November 19, 2009 in Uncategorized
Penne all’Arrabbiata – a roman classic has enjoyed a revival in recent years. With a preparation time of not more than 5 minutes – it’s a winner for the modern cook who is often running between – job – children – shopping – job and home!!! You should serve this spicy tomato sauce with penne “rigate” – meaning lines. The lined pasta creates lovely little crevices for the spicy sauce to hide in. I posted the recipe for pomodori arrostiti – essentially an antipasto, but you could use those blood red juicy babies in this sauce – the chilli with the sweet condensed flavours of tomatoes — ITALY ON A PLATE!!!! Now my mouth is watering!!! This was one of those 5 minute wonders followed by a cooling berry blitz for a quickie informal dinner with eight friends …….. organised at 4.30pm – cooked served and eaten by 7pm!!! Basta finito!

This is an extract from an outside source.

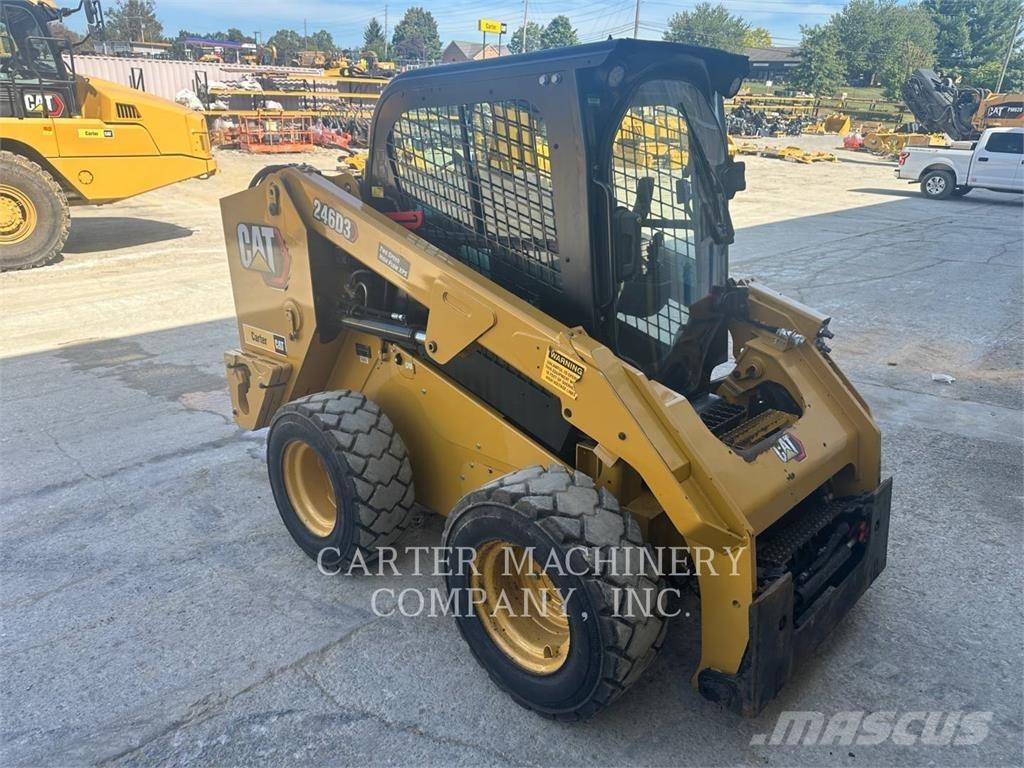 CAT 246 Skid steer mini nakladalci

5 red chillies chopped (if you don’t like it too hot – dont chop them leave them whole) or use less!
5 large cloves or garlic chopped
1 large onion finely chopped
3 tins of peeled tomatoes
2 chicken stock cubes
In a pan – put about half a cup of olive oil – fry the onion garlic with the chilli – stock cube – salt and pepper- unitl nicely browned
In a bowl – empty the peeled tomatoes and using your (clean) hand squash them to a pulp.
Add the tomatoes to the onion garlic etc. and Walla!!! done.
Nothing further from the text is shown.